::: Records provided :::

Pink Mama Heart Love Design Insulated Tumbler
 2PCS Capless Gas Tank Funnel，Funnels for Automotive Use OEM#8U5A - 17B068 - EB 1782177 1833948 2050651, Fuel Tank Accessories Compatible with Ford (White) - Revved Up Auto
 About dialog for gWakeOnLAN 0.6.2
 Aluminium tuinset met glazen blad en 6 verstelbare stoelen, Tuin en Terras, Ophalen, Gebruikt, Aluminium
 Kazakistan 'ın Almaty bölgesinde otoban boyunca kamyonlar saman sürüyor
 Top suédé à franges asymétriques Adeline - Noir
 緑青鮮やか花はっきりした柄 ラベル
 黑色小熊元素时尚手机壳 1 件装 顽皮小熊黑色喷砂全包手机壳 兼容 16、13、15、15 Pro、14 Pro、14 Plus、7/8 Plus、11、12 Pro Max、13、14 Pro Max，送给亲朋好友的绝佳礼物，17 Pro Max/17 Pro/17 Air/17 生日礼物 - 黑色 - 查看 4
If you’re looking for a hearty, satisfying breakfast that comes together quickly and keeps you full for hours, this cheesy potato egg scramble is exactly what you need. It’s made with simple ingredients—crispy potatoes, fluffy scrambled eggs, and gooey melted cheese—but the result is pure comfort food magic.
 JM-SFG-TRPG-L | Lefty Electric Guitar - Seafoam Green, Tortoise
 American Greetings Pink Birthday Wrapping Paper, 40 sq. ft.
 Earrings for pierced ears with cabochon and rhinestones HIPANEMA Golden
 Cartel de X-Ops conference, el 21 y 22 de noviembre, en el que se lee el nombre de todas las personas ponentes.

:::

▶ _What you need to do_
What you give back must match the material exactly, beginning with its first line and ending with the line holding "黑色小熊元素时尚手机壳 1 件装".

▶ _Result below_
Pink Mama Heart Love Design Insulated Tumbler
 2PCS Capless Gas Tank Funnel，Funnels for Automotive Use OEM#8U5A - 17B068 - EB 1782177 1833948 2050651, Fuel Tank Accessories Compatible with Ford (White) - Revved Up Auto
 About dialog for gWakeOnLAN 0.6.2
 Aluminium tuinset met glazen blad en 6 verstelbare stoelen, Tuin en Terras, Ophalen, Gebruikt, Aluminium
 Kazakistan 'ın Almaty bölgesinde otoban boyunca kamyonlar saman sürüyor
 Top suédé à franges asymétriques Adeline - Noir
 緑青鮮やか花はっきりした柄 ラベル
 黑色小熊元素时尚手机壳 1 件装 顽皮小熊黑色喷砂全包手机壳 兼容 16、13、15、15 Pro、14 Pro、14 Plus、7/8 Plus、11、12 Pro Max、13、14 Pro Max，送给亲朋好友的绝佳礼物，17 Pro Max/17 Pro/17 Air/17 生日礼物 - 黑色 - 查看 4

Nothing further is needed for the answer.